These studies investigating SVI and COVID-19 showed different findings of the relationship between COVID-19 and SVI. Some studies suggested positive relationships between the confirmed cases or incidence rate of COVID-19 and SVI [14, 17, 21, 30, 31, 36, 39], but some studies showed different findings of their relationship, which varied by the periods of episode [31] and specific spatial context, such as rural areas [40]. Some studies suggested an inconsistent relationship between the incidence of COVID-19 and SVI [41].

Methods

Variables and data

In this study, the traditional SVI and healthy SVI are illustrated in Table 1. The traditional SVI comprised variables commonly used in disaster studies, whereas the healthy SVI comprised infection-related variables describing COVID-19 characteristics. Nine variables from five domains (age, socioeconomic disadvantage, housing, income, and environment) made up the traditional SVI. Eleven variables from five domains (prevention, health-related habits, disease, healthcare infrastructure, and mortality) made up the healthy SVI. These SVIs were created using data from the pre-COVID-19 period of Korea: 2015 and 2019. The number of confirmed cases per 10,000 persons was calculated by using the number of confirmed domestic cases registered daily from the second week of January 2020 to December 2020 by the Korea Disease Control and Prevention Agency and local governments, and the total population in 2020.

Table 1 Domain, variables, definition, and sources of SVI

The traditional and healthy SVIs were calculated by summing the scores of all the variables of the indices [15, 38, 50]. An integrated SVI, which is a combination of traditional and healthy SVIs, was also calculated. The SVI score for each domain was evaluated using the method developed by Flanagan et al. [44], Snyder and Parks [13], and Biggs et al. [36], in which a percentile rank was calculated for a spatial unit over all variables; the mean of the variables within each domain was also calculated [55]. The scores for all domains were summed to determine the final value of the traditional and healthy SVIs [38]. The scores for the traditional and healthy SVI were summed to obtain the integrated SVI. Due to the characteristics of percentile rank, the value of each variable of index and summed value from variables are consistent. The five quantile criterion, which were used by Snyder and Parks [15] and De Souza et al. [19], can be interpreted that first quantile (below 20%) constitutes low vulnerability and the fifth quantile (above 80%) indicates very high vulnerability. The difference of SVI was calculated subtracting the value of each SVI from 2015 from the SVI in 2019. If the percentile rank of SVI of a spatial unit is relatively increased in 2019 compared to 2015, the value of the difference is positive and vice versa. This study compares the traditional, healthy, and integrated SVI through the quantile maps of 2015 and 2019, as well as the spatial distribution of confirmed cases of COVID-19 per 10,000 in 2020 using a geographic information system (GIS).

Statistical analysis

In Korea, three disease episodes of COVID-19 were identified: the first episode was from the Shinchenji church and Deanam hospital cases, the second was from the Gwanghawmun rally, and the third was from the community infection at the end of the year [56]. In this study, four models were constructed to understand the relationship between confirmed COVID-19 cases and the difference of traditional and healthy SVI within the three episodes, as well as all confirmed cases in 2020. Each model was divided by the confirmed COVID-19 cases in the episode period, which was dependent variable. Model 1 was used the confirmed cases from Weeks 8–11 (first episode), Model 2 used Weeks 33–37 (second episode), Model 3 used in Weeks 47–53, and Model 4 used all of 2020.

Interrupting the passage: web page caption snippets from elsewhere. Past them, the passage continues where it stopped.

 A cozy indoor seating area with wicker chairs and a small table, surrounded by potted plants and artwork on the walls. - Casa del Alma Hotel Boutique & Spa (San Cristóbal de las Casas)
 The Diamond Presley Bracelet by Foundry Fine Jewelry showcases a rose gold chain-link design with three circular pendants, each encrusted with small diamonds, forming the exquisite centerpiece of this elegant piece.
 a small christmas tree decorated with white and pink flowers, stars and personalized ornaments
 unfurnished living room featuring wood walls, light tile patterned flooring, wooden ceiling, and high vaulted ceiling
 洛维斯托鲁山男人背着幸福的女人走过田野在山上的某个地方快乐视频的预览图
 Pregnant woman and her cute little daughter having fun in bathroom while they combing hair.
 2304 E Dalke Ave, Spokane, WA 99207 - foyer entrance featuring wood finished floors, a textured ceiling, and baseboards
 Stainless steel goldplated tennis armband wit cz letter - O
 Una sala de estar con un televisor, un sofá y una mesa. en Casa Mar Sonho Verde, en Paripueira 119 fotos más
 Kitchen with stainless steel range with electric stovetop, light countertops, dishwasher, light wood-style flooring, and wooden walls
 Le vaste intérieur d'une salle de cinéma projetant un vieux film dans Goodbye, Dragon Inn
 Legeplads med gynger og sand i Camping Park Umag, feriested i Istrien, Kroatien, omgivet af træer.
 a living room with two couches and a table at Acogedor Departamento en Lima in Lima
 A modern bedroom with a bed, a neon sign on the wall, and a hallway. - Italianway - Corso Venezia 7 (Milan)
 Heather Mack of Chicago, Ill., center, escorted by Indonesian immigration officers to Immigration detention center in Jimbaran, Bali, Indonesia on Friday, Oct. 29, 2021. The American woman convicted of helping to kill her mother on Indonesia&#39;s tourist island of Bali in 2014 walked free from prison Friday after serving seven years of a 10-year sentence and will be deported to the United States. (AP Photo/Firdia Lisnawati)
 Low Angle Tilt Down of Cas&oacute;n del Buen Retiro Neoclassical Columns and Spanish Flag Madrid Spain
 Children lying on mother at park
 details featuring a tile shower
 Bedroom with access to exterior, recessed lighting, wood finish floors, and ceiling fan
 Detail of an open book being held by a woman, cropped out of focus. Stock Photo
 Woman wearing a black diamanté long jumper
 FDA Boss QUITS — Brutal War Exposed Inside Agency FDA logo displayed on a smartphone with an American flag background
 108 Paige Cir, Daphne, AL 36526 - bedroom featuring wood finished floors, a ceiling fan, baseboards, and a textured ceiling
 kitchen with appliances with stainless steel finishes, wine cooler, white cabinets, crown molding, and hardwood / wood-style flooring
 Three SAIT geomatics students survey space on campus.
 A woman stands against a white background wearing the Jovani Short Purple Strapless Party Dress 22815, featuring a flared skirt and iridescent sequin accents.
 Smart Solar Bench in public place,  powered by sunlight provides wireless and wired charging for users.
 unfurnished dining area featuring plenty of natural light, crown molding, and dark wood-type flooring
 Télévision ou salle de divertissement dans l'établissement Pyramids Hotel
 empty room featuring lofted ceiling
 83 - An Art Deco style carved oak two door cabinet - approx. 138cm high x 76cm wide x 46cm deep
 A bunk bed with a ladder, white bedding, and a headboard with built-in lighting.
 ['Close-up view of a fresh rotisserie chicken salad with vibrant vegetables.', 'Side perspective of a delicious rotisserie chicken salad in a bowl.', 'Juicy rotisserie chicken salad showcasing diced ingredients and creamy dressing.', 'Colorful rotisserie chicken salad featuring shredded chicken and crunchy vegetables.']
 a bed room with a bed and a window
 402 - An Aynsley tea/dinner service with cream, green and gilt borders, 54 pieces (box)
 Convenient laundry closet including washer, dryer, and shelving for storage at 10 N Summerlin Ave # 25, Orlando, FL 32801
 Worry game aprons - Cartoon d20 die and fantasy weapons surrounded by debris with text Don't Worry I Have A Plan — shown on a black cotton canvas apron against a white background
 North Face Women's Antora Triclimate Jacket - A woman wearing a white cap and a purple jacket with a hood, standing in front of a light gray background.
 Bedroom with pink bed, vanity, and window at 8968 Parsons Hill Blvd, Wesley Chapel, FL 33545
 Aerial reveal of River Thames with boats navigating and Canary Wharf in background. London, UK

A multiple linear regression was performed for each model to investigate the relationship between the increase of the traditional and healthy SVI and the confirmed COVID-19 cases for the three episode periods and the total period when controlling for the 2019 SVI and population of 2020 (Eqs. 1, 2, 3 and 4). The number of confirmed COVID-19 cases during the first, second, and third episodes and the cumulative number of confirmed cases in 2020 were used as dependent variables. The differences between the 2015 and 2019 traditional and healthy SVIs were used as independent variables. Population in 2020, highly associated with confirmed COVID-19 cases, and the integrated SVI of 2019, which consists of the sum of the traditional and healthy SVI were used as independent variables. STATA/MP 16.1 software was used.

$$\mathrm{Model}\;1:\;{EP1COV}_i=\beta_0+{\beta_1DifftradSVI}_i+{\beta_2DiffhealSVI}_i+\beta_3{Pop}_i+\beta_4{IntSVI}_i+\varepsilon$$
(1)
$$\mathrm{Model}\;2:\;{EP2COV}_i=\beta_0+{\beta_1DifftradSVI}_i+{\beta_2DiffhealSVI}_i+\beta_3{Pop}_i+\beta_4{IntSVI}_i+\varepsilon$$
(2)
$$\mathrm{Model}\;3:\;{EP3COV}_i=\beta_0+{\beta_1DifftradSVI}_i+{\beta_2DiffhealSVI}_i+\beta_3{Pop}_i+\beta_4{IntSVI}_i+\varepsilon$$
(3)
$$\mathrm{Model}\;4:\;{TOTCOV}_i=\beta_0+{\beta_1DifftradSVI}_i+{\beta_2DiffhealSVI}_i+\beta_3{Pop}_i+\beta_4{IntSVI}_i+\varepsilon$$
(4)

where \(i\) is the spatial unit (local administrative unit, si-gun,gu). EP1COV, EP2COV, and EP3COV are the numbers of confirmed COVID-19 cases in the first, second, and third episodes, respectively. TOTPCOV is the number of confirmed COVID-19 cases in 2020. DifftradSVI is the difference in the traditional SVI between 2015 and 2019. DiffhealSVI is the difference in the healthy SVI between 2015 and 2019. Pop is the population in 2020. IntSVI is the integrated SVI in 2019. \(\varepsilon\) is the error term.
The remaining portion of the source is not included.